RAW DATA –
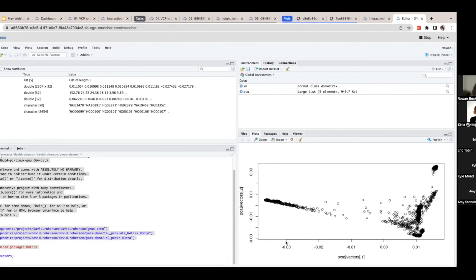That's all the time we have for this interactive analysis portion. If anyone has any questions, please feel free to let us know in the chat. You can visit us at office hours, which we have twice a week — Tuesdays at 10 AM and Thursdays at 2 PM Eastern Standard Time. We're here to help you and we want people to use this platform and get their data analyzed.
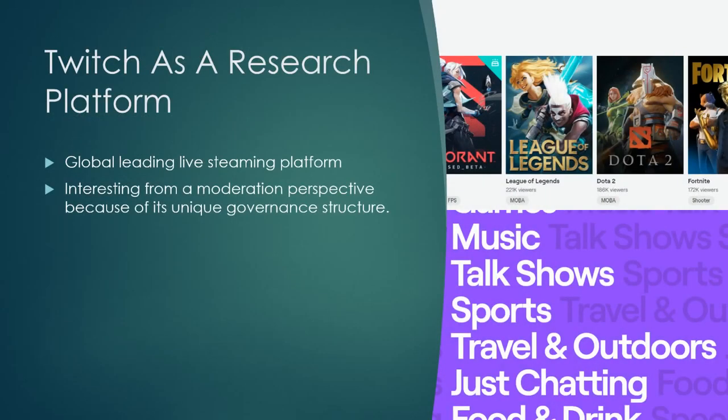We use Twitch as our research platform. Twitch is a global leading live streaming platform with many streaming categories such as music, talk shows, sports, and travel outdoors. It is interesting from a moderation perspective because users develop and maintain their own micro community.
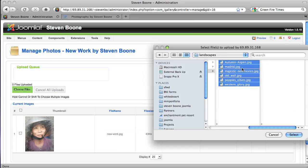One thing that's really cool about this system is you can do more than one. So I could just highlight all of these and click select and boom, they're uploaded and included in the gallery.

WHAT IS BEING ASKED –
Give the listing above again in its entirety, exactly as written and free of images.

WRITTEN ANSWER –
That's all the time we have for this interactive analysis portion. If anyone has any questions, please feel free to let us know in the chat. You can visit us at office hours, which we have twice a week — Tuesdays at 10 AM and Thursdays at 2 PM Eastern Standard Time. We're here to help you and we want people to use this platform and get their data analyzed.
We use Twitch as our research platform. Twitch is a global leading live streaming platform with many streaming categories such as music, talk shows, sports, and travel outdoors. It is interesting from a moderation perspective because users develop and maintain their own micro community.
One thing that's really cool about this system is you can do more than one. So I could just highlight all of these and click select and boom, they're uploaded and included in the gallery.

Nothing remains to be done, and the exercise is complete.